$\textbf{Question : }$ Say you have three touching circles $\Gamma_1,\Gamma_2,\Gamma_3$ with radii $x,y,z$ and centers $A,B,C$ as per the diagram, then prove the following $$|DE|=\frac{2}{\sqrt{\left(\dfrac{1}{x}+\dfrac{1}{y}\right)\left(\dfrac{1}{x}+\dfrac{1}{z}\right)}}$$
$\textbf{My Attempt}$
Let $\angle{DAE} = \alpha, \angle{FBE}=\beta , \angle{FCD}=\pi-\alpha-\beta$ then through sine rule in the $\Delta ABC$ we can say
$$\frac{\sin{\alpha}}{y+z}=\frac{\sin{\beta}}{z+x}=\frac{\sin{(\alpha+\beta)}}{x+y} $$
As we know
$$|DE|=2x\sin\frac{\alpha}{2}$$
We just need to prove
$$\sin\frac{\alpha}{2} = \dfrac{1}{x}\dfrac{1}{\sqrt{\left(\dfrac{1}{x}+\dfrac{1}{y}\right)\left(\dfrac{1}{x}+\dfrac{1}{z}\right)}}$$
So using the sine rule relation
$$\sin\beta = \frac{z+x}{y+z} \sin \alpha$$
And again from the sine rule relation
$$\sin \alpha = \frac{y+z}{x+y} \sin (\alpha+\beta)$$
Now substituting $\sin \beta$ in terms of $\sin \alpha$
$$\sin \alpha = \sin \alpha \cdot \sqrt{1-\left( \frac{z+x}{y+z}\sin \alpha \right)^2}+\sqrt{1-\sin^2 \alpha}\cdot \frac{z+x}{y+z}\sin \alpha $$
$$1 = \sqrt{1-\left( \frac{z+x}{y+z}\sin \alpha \right)^2}+\sqrt{1-\sin^2 \alpha}\cdot \frac{z+x}{y+z}$$
Now this is the step where I get stuck, it is simply too complicated to solve by hand for me at least. Maybe someone can suggest a way to solve this in reasonable time or even better a different approach…
Best Answer
From double angle formulae, we have $$2\sin^2\frac{\alpha}2=1-\cos\alpha.$$
Using cosine rule,
$$\cdots=1-\frac{b^2+c^2-a^2}{2bc}=\frac{a^2-(b-c)^2}{2bc}=\frac{(a-b+c)(a+b-c)}{2bc}$$
where $a=y+z,\ b=x+z,\ c=x+y$ in your diagram.
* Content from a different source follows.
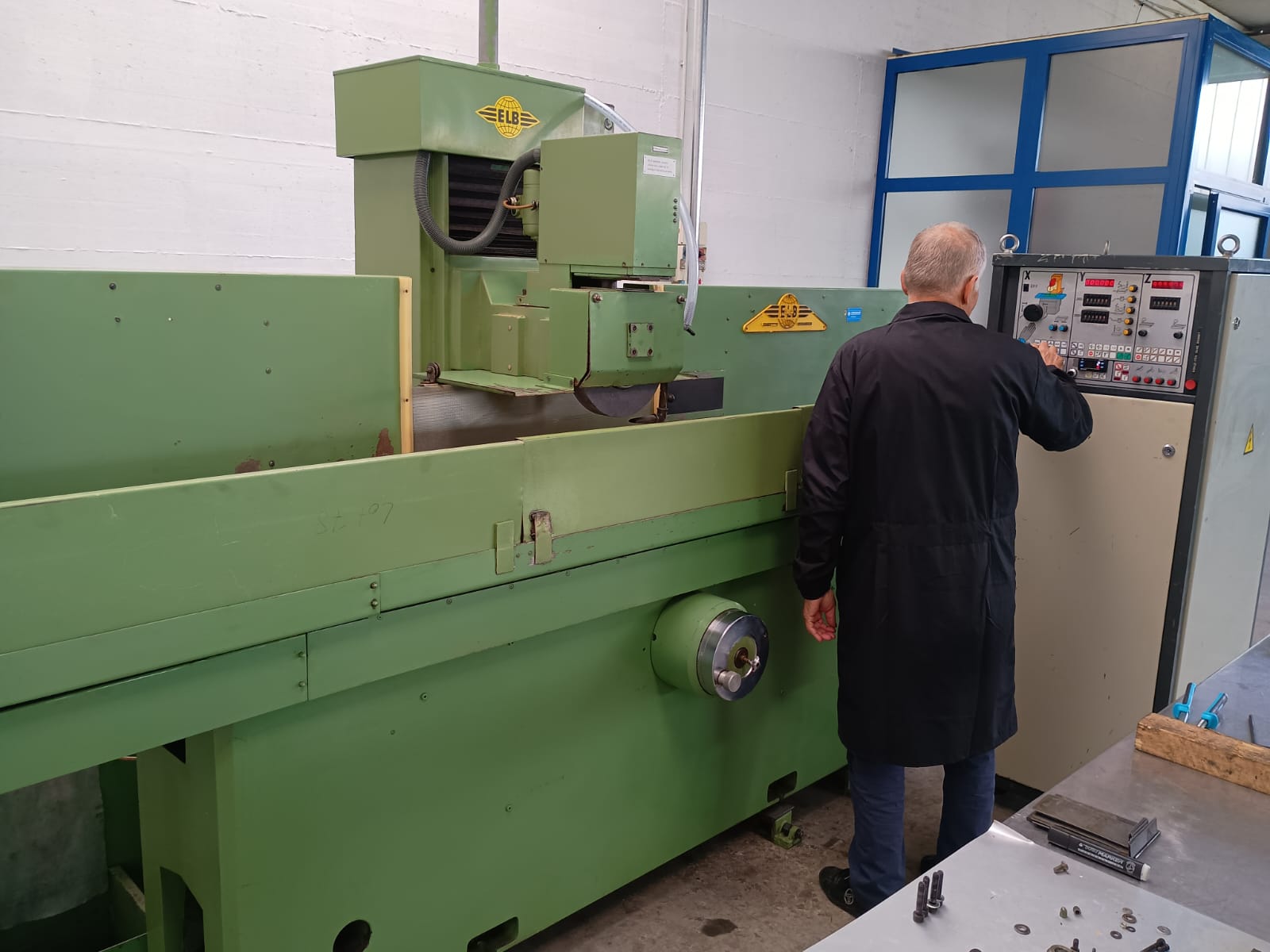 Attrezzatura per lavorazioni di rettifica meccanica PANAGRIND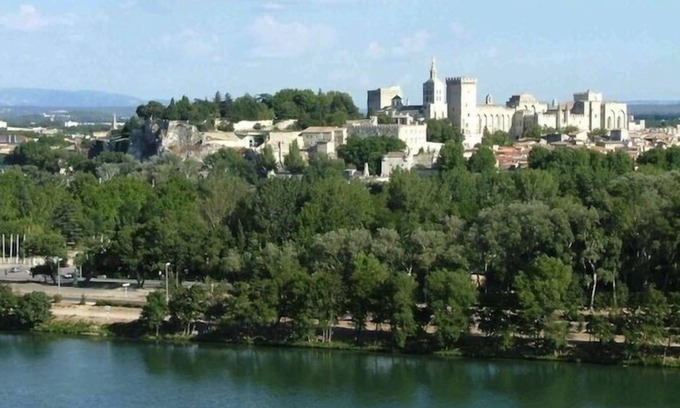 Villeneuve-les-Avignon Cabaña | Dichosa cabaña en el corazón de la Provenza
Thus, $$\begin{align}2\sin^2\frac{\alpha}2&=\frac{4yz}{2(x+z)(x+y)}\\ \sin\dfrac{\alpha}2&=\dfrac1{\sqrt{\dfrac{(x+z)(x+y)}{yz}}}\\&=\frac1x\frac1{\sqrt{\dfrac{(x+z)}{xz}\dfrac{(x+y)}{xy}}}\\&=\frac1x\frac1{\sqrt{\left(\dfrac1x+\dfrac1z\right)\left(\dfrac1x+\dfrac1y\right)}}\end{align}$$
$\square$